We derive many benefits from chemicals in our everyday lives – food lasts longer, clothes can withstand the elements, and electronic devices do not catch fire. However, many of the same chemicals that enable us to live easier can accumulate in our bodies over time and threaten our health.
Beyond the dangers to individuals, chemicals are increasingly threatening at a planetary level. The industry is now the world’s third-largest source of carbon dioxide emissions, as well as a leading cause of biodiversity destruction.
The most concerning chemicals are PFAS, the per- and poly-fluoroalkyl substances, which break down extremely slowly. PFAS are often called ‘forever chemicals’ – because they hardly decay in nature and stay around for thousands of years once produced. PFAS exposure has been linked to various health problems – such as decreased fertility and neurological problems, as well as an increase in Alzheimer’s, Parkinson’s disease, and breast cancer. As a result, the European Chemicals Agency is poised to implement a restriction – or an outright ban – on thousands of PFAS should its scientific evaluation find the chemicals hazardous to humans or the environment.
Investors are aware of the dangers of hazardous chemicals, the need to transition to safer alternatives, and the potential liabilities of companies with a history of involvement in the production or use of PFAS.
Earlier this year, Nordea Asset Management joined 49 other investors – representing a combined $11trn of assets under management or advice – in the creation of the Investor Initiative on Hazardous Chemicals (IIHC).
The IIHC, which is supported by environmental NGO ChemSec, looks to engage with major chemical companies about the management of hazardous chemicals and advance transparency. The ultimate goal is to stop the production of ‘forever chemicals’.
A focus on double materiality
Double materiality is important. This concept covers the ESG risks likely to impact the financial performance of an investment – in this case, the legal liabilities a company may be exposed to – as well as the broader impact of the investment on society and the environment, due to the fact harmful chemicals can contaminate habitats forever. While the two considerations are often closely linked, they should not be conflated.
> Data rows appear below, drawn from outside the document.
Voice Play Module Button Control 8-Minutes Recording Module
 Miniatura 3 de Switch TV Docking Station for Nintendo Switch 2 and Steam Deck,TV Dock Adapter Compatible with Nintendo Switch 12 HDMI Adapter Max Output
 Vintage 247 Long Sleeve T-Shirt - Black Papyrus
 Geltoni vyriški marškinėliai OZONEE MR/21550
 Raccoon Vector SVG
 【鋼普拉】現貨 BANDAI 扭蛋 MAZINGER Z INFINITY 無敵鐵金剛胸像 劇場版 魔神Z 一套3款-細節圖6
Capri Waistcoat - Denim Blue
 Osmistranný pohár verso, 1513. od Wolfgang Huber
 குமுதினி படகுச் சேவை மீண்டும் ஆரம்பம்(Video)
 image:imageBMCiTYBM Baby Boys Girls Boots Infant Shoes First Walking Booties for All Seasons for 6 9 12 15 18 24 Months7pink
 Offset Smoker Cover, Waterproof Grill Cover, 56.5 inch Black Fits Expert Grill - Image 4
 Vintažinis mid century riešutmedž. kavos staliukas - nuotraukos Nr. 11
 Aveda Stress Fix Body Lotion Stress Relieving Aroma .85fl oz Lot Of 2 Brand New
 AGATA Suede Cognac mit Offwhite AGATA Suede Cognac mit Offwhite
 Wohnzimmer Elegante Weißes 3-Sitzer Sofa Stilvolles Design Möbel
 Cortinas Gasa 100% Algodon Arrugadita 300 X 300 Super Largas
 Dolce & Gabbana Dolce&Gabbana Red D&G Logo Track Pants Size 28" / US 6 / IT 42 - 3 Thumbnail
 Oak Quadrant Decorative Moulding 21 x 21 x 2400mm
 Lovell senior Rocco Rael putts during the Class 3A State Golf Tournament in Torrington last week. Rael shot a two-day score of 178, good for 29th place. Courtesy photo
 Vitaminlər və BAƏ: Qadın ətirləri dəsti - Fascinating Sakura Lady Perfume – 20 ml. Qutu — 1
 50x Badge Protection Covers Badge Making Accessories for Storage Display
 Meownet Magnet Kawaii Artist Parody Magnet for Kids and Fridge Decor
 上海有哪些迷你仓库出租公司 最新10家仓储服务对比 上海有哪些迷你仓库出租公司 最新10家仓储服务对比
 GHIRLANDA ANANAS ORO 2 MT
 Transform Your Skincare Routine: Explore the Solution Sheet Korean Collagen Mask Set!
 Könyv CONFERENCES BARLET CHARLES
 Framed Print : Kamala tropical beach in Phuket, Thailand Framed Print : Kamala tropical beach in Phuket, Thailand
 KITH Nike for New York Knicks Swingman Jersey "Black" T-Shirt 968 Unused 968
With hazardous chemicals – such as PFAS – negatively impacting both living beings and nature, corporates involved in the production and usage of these substances face a plethora of financial and reputational risks. Companies in this space are facing an increasing number of claims for damages, and should these suits proceed, the impact on share prices may be material.
Consumer awareness of hazardous chemicals is also intensifying, accelerating demands for heightened transparency and the eventual replacement of the compounds within everyday products.
In light of the elevated risks, investors must dig deeper into the range of chemicals manufactured by individual companies within the industry, as well as the quantities involved. Should the EU ban the entire family of PFAS, investors must understand how much of a company’s portfolio will be impacted, and if it has the R&D capability to develop or integrate less harmful alternatives.
Making a meaningful impact
While the IIHC is only in its infancy, the investor collective has engaged with 16 of the top 50 chemical companies ranked by Chemsec. Nordea Asset Management has taken the lead in three of these dialogues, while also participating in industry-wide discussions – including with representatives from the European Commission.
In addition to activities within the IIHC framework, we continue to undertake standalone chemicals-related engagement with industrial and consumer manufacturers held in our investment portfolios. A first success has been the commitment by 3M to ‘work to discontinue use of PFAS across [the company’s] product portfolio by the end of 2025’. Nordea Asset Management is the IIHC lead investor for 3M.
The corporate response to engagement has been mixed thus far. On the positive side, several producers are well prepared for potential regulatory change and have plans to phase out the most hazardous chemicals. Some companies have already begun the substitution to less harmful alternatives. However, a number of producers and users of PFAS continue to oppose the proposed regulatory framework.
This is why it is vital to engage with corporates to determine if there is a willingness to change. We are committed to ongoing individual and collective engagement to encourage both producers and users towards increased transparency, alongside pledges to phase out hazardous materials and credible development plans for safer alternatives.
Inaction is simply not an option, as companies on the wrong side of regulatory reform are exposed to significant financial risk over the medium to long term.